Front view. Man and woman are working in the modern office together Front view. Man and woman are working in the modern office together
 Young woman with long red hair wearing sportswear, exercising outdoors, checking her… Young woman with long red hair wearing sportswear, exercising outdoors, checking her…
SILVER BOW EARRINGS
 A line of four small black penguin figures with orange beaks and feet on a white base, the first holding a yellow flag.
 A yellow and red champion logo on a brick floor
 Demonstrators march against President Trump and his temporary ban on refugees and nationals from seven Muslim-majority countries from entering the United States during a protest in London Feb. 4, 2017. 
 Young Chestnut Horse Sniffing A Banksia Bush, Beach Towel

━━━━━━━━━━━━━━━━━━━━━━━━━━━━━━

**WHAT YOU WILL DO**
The expected response is the entire listing, repeated word for word.

**OUTPUT BELOW**
Front view. Man and woman are working in the modern office together Front view. Man and woman are working in the modern office together
 Young woman with long red hair wearing sportswear, exercising outdoors, checking her… Young woman with long red hair wearing sportswear, exercising outdoors, checking her…
SILVER BOW EARRINGS
 A line of four small black penguin figures with orange beaks and feet on a white base, the first holding a yellow flag.
 A yellow and red champion logo on a brick floor
 Demonstrators march against President Trump and his temporary ban on refugees and nationals from seven Muslim-majority countries from entering the United States during a protest in London Feb. 4, 2017. 
 Young Chestnut Horse Sniffing A Banksia Bush, Beach Towel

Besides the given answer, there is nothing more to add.